I think it’s very interesting that Democrats will probably take control of the House while Republicans remain and will maintain a Senate majority.

– Heather Kekua

The 2018 national mid-term election followed historical norms. The party not in control of the White House won partial control of Congress. Thatʻs good news and bad news for the country. 

The good news is that the House of Representatives may now act as a check on the executive branch which has been behaving badly for the past two years. However, the bad news is that our country can look forward to two more years of gridlock in Washington. The executive and legislative brances will be fighting until the next election. The really bad news is that this inactivity could lay the groundwork for Trumpʻs re-election. I donʻt think the country can take another four years of “Make America Great Again.”

– Neil Tsukaiama 

The outcome of the recent general election nationally gives me hope. It gives me hope because this was the first time Iʻve seen so many youth come out to vote to make a difference. It is clear that many young people are not happy with what is going on right now, and I am happy to see and be part of the change that is coming.

– Erika Ayers 

I think the number of voters got a little better but not by much. Nationally weʻve never had at least 50 percent of voters come out to vote which is really sad. The highest is like 46 or 47 percent but that was way back in the sixties or seventies. 

Now that men and women have a chance to vote as long as they meet certain requirements, I thought that more people would want to vote but I guess it hasnʻt really changed much. Some people do have valid reasons like illness or they are in jail or other good reasons but most people are just too lazy or donʻt care.
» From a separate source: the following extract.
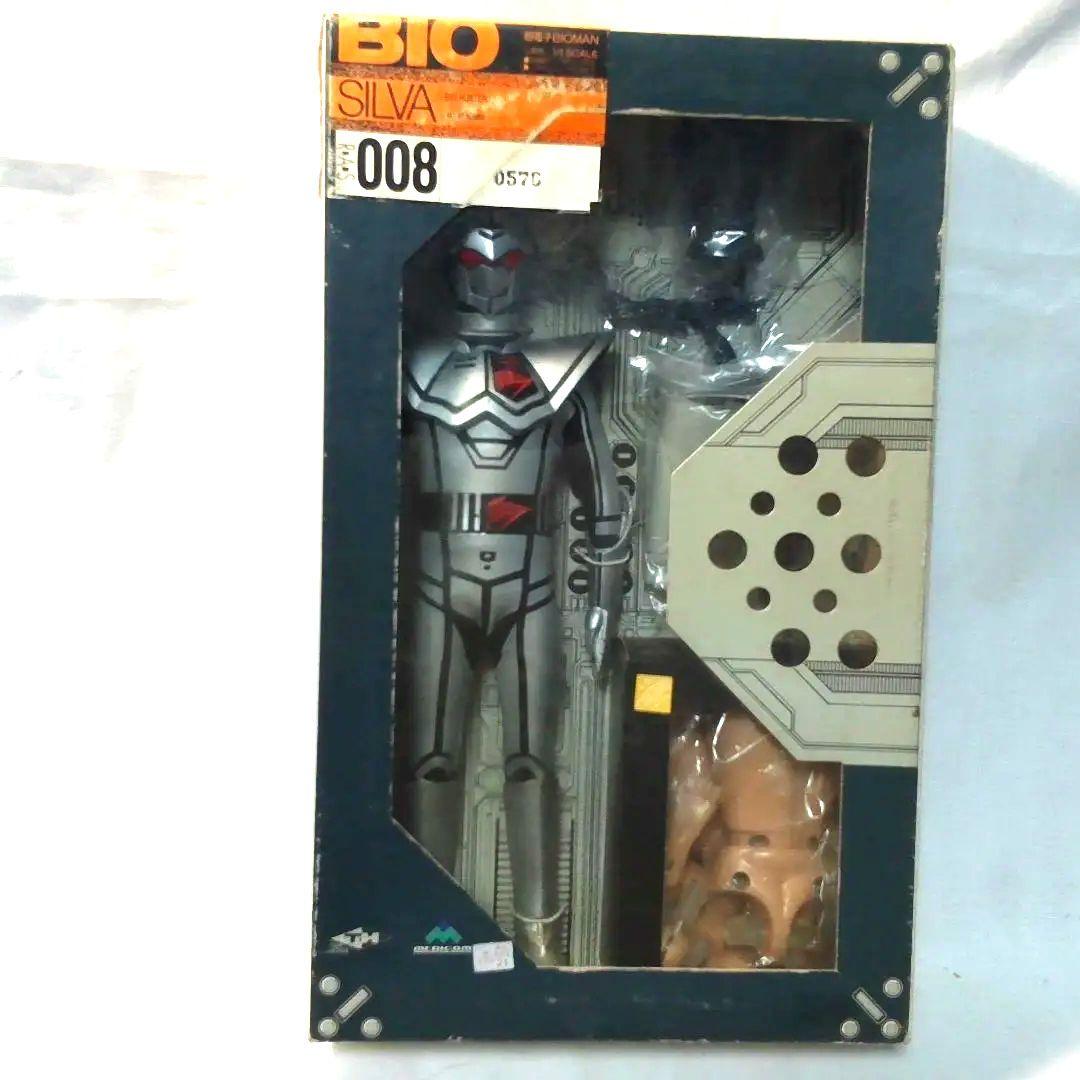 RAS バイオハンターシルバ 「超電子バイオマン」 リアルアクションシリーズ バイオ粒子反応あり！『超電子バイオマン』反バイオ同盟の切り札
The way people have been spreading info about the elections has improved. If you want a certain person to win, you have to show other people why they deserve to win. People can use Instagram, Facebook, Twitter and so many other things to spread info (good info) about people so that more can learn about them. We tend to focus more on those who keep up with people and their trends so they are more likely to get the votes compared to those who only campaign in person and donʻt use social media to connect with others.